My solution was to add your patch and also to close all connections when unable to send any command to redis in the send_command method. If the clients have to reconnect, then they can resubscribe. If they stay connected, they won't know that their subscriptions are gone. I might be lost here since I'm new to ActionCable.

fooki avatar Feb 01 '18 13:02 fooki

Thanks for the info and yep that does sound familiar. The patch was a very simple first take at the problem, so I'm hoping I'll have time to submit a better solution, including David's feedback this weekend or the one after. If that would be too late for you feel free to submit a PR yourself and cc me. I'd be happy to help with testing and give my 2 cents.

wpp avatar Feb 01 '18 13:02 wpp

I am seeing similar issue which might be related to previous redis connection loss, and action cable is not doing reconnect. Issue resolved after restarting the server.

E, [2018-08-07T20:27:02.472920 #21950] ERROR -- : There was an exception - NoMethodError(undefined method `write' for nil:NilClass)
E, [2018-08-07T20:27:02.473167 #21950] ERROR -- : /shared/bundle/ruby/2.3.0/gems/redis-3.3.5/lib/redis/connection/ruby.rb:376:in `write'
/shared/bundle/ruby/2.3.0/gems/redis-3.3.5/lib/redis/client.rb:271:in `block in write'
/shared/bundle/ruby/2.3.0/gems/redis-3.3.5/lib/redis/client.rb:250:in `io'
/shared/bundle/ruby/2.3.0/gems/redis-3.3.5/lib/redis/client.rb:269:in `write'
/shared/bundle/ruby/2.3.0/gems/actioncable-5.1.4/lib/action_cable/subscription_adapter/redis.rb:161:in `send_command'

dechaoqiu avatar Aug 07 '18 21:08 dechaoqiu

Can this be a reason? https://redis.io/topics/clients#output-buffers-limits

When I send a large amount of data to a client constantly (such as 5-10 times every second), redis eventually cuts the connection between its ruby client

redis-4.1.0/lib/redis/client.rb:260:in `rescue in io': Connection lost (ECONNRESET) (Redis::ConnectionError)
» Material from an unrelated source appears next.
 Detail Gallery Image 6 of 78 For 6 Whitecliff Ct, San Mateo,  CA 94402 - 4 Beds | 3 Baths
github0013 avatar May 17 '19 06:05 github0013

I'm getting the same issue on Rails 6.0

I pushed an app to staging on Heroku and sometimes the Action Cable -> Redis connection times out and this crashes the entire application. Here are the error messages from logs.

2020-07-27T17:54:54.846056+00:00 app[web.1]: #<Thread:0x0000555c5dc5cd08@/app/vendor/bundle/ruby/2.5.0/gems/actioncable-5.2.3/lib/action_cable/subscription_adapter/redis.rb:148 run> terminated with exception (report_on_exception is true): 2020-07-27T17:54:54.850688+00:00 app[web.1]: /app/vendor/bundle/ruby/2.5.0/gems/redis-4.1.3/lib/redis/client.rb:362:in `rescue in establish_connection': Error connecting to Redis on ec2-52-70-215-224.compute-1.amazonaws.com:31729 (Redis::TimeoutError) (Redis::CannotConnectError)
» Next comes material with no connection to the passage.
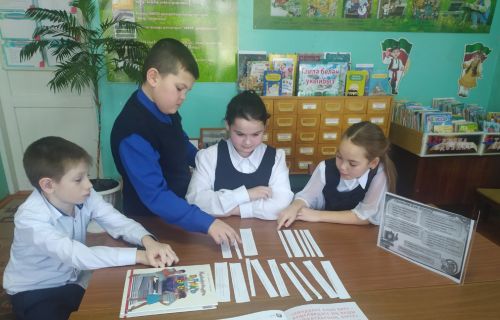 Арбор авылы балалары китапханә белән гел тыгыз элемтәдә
Wondering how others worked around this. Is there a place in my code I could catch this error myself?

randall-coding avatar Jul 29 '20 13:07 randall-coding

Hello, i have the same issue. With AWS Elasticache redis the app crashes 5 minutes after the last connection.

rails: v6.1.1 ruby: v3.0.0 redis gem: v4.2.5 AWS Elasticache redis: v6.x and v5.0.6

I tried lowering the version of rails, ruby, redis gem but it is the same. However it works fine when set up in a docker container redis v6.0.9 and v5.0.6. It may depend on the redis settings.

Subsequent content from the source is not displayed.